Task instructions: Exclude the pictures, then quote exactly the lines from the one holding "Cederberg Mountains Gallery: Honey" through the last line of the records.

### Records for this exercise ###

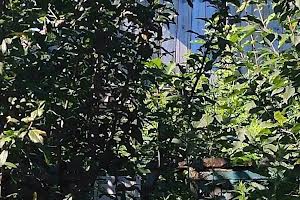 участок по адресу с. Микуличи, Ворошилова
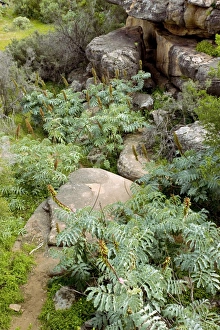 Cederberg Mountains Gallery: Honey bush (Melianthus major)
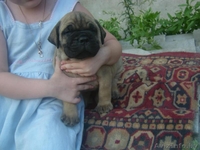 бульмастифа щенки - Изображение #3, Объявление #335465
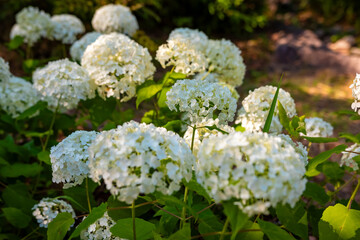 大阪城公園のあじさい・うつぎ園で見た、白い紫陽花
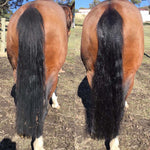 Hairy Pony 2 IN 1 Detangle & Shine Spray - Watermelon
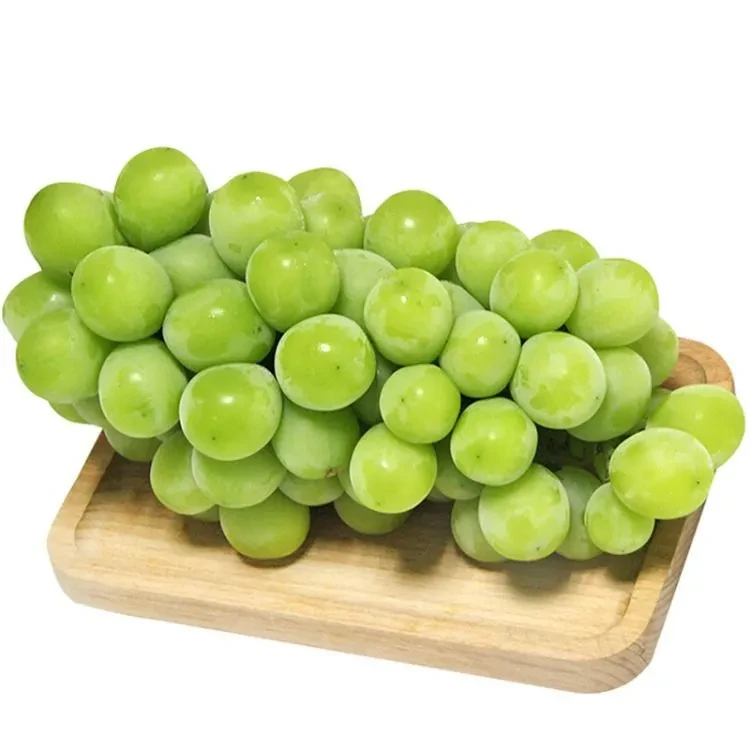 阳光玫瑰1200g±50g其他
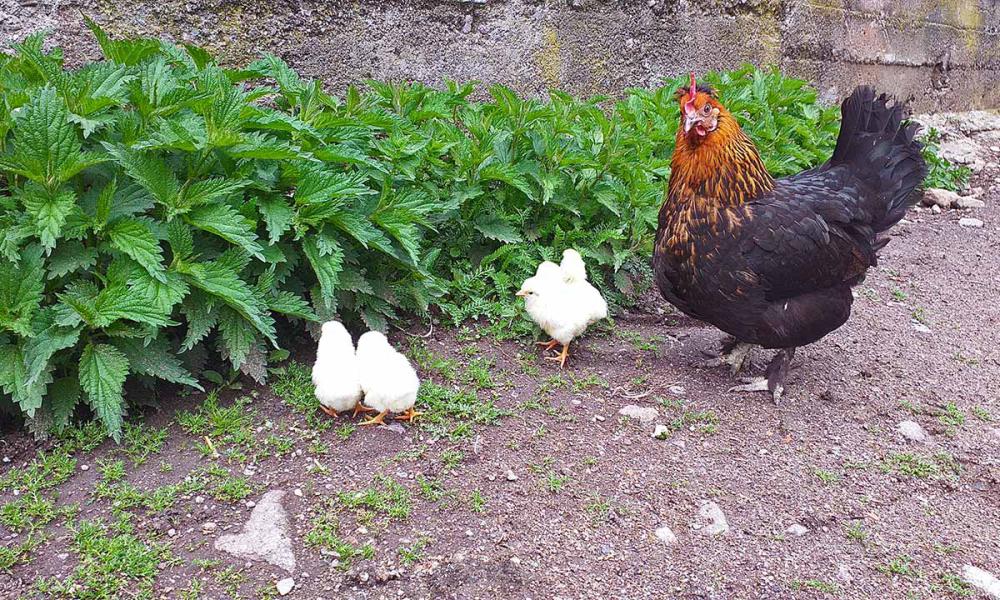 Galline con pulcini al maso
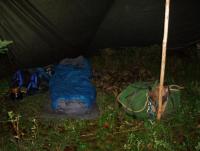 post-8832-0-74987200-1348319760_thumb.jp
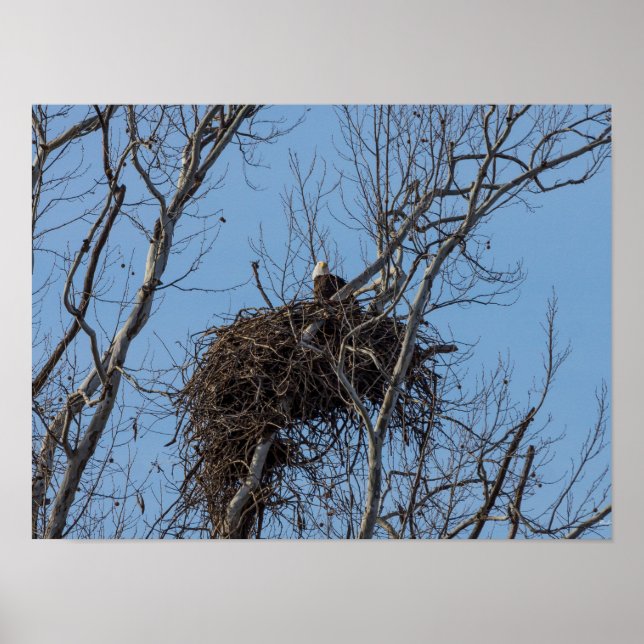 Affiches Garder l'aigle (Devant)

###

Exercise response:
 Cederberg Mountains Gallery: Honey bush (Melianthus major)
 бульмастифа щенки - Изображение #3, Объявление #335465
 大阪城公園のあじさい・うつぎ園で見た、白い紫陽花
 Hairy Pony 2 IN 1 Detangle & Shine Spray - Watermelon
 阳光玫瑰1200g±50g其他
 Galline con pulcini al maso
 post-8832-0-74987200-1348319760_thumb.jp
 Affiches Garder l'aigle (Devant)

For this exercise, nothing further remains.